Os primeiros 5000 britânicos que foram vacinados já têm um documento que deverá funcionar como um passaporte para a mobilidade e serviços essenciais.

Mara Tribuna

Esta terça-feira o Reino Unido deu início à campanha de vacinação contra a covid-19. Os primeiros 5000 britânicos que foram vacinados já têm um documento que deverá funcionar como um passaporte para a mobilidade e serviços essenciais, por outras palavras, um boletim de vacinação.

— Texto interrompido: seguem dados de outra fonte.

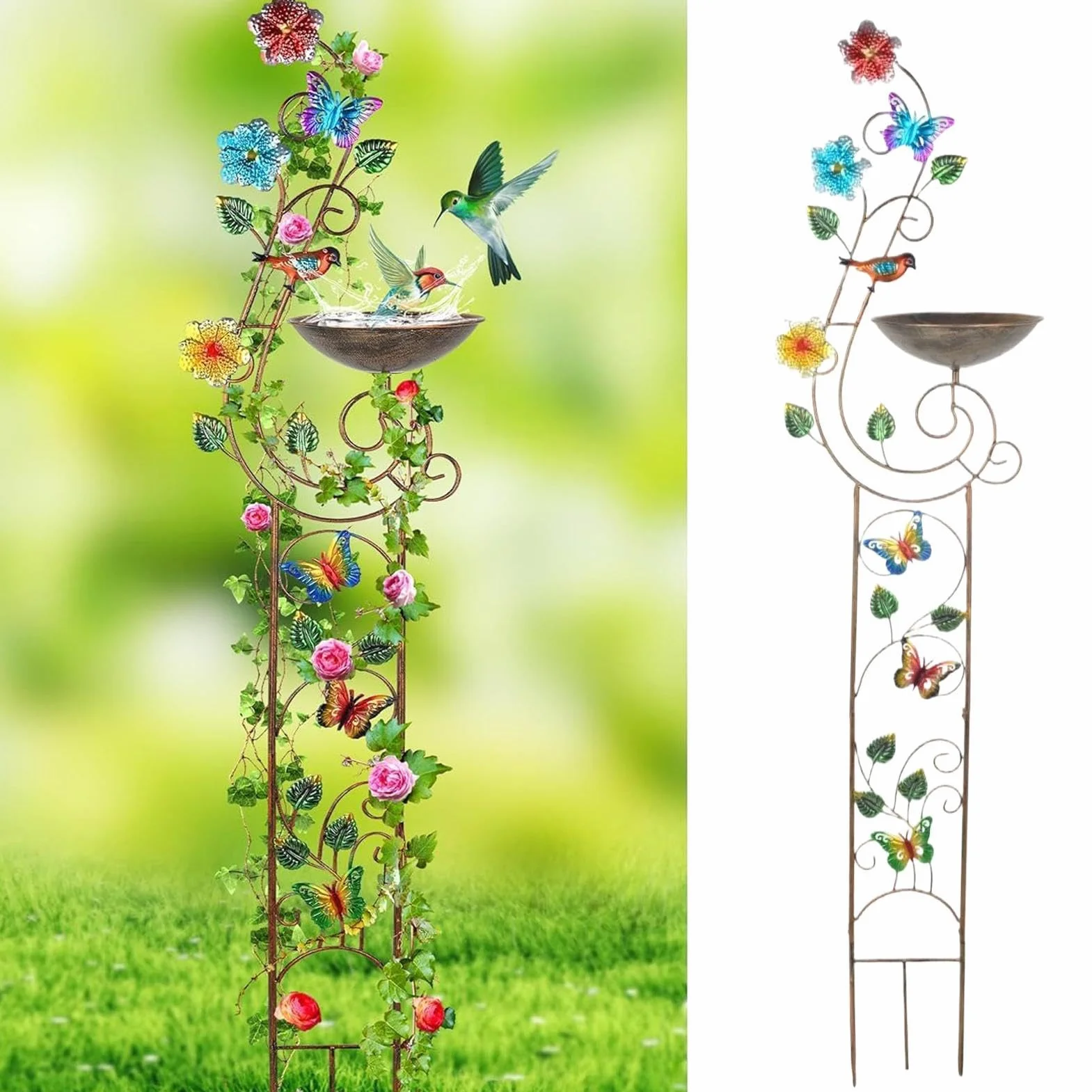 Baño De Agua Para Pájaros De Jardín Con Estaca De Diseño Artístico Y | Bebederos Autoportantes Para Pájaros Para Jardín, Patio, Terraza, Jardín Trasero Y Patio Interior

No Reino Unido, o fim da pandemia, que já causou 61.000 mortes nos quatro países que compõem a nação, poderá estar perto do fim graças à aprovação, na semana passada, da vacina contra o novo coronavírus desenvolvida pela Pfizer e pela BioNTech, que recebeu ‘luz verde’ do regulador britânico.

Margaret Keenan, uma irlandesa com 90 anos, foi a primeira de cerca de 5000 pessoas a receber a vacina ao longo desta terça-feira nos 50 hospitais que já têm os primeiros 800.000 frascos que chegaram da fábrica da Pfizer. Estas doses vão permitir que 400.000 pessoas sejam vacinadas e espera-se que mais quatro milhões cheguem ao país antes do final do mês.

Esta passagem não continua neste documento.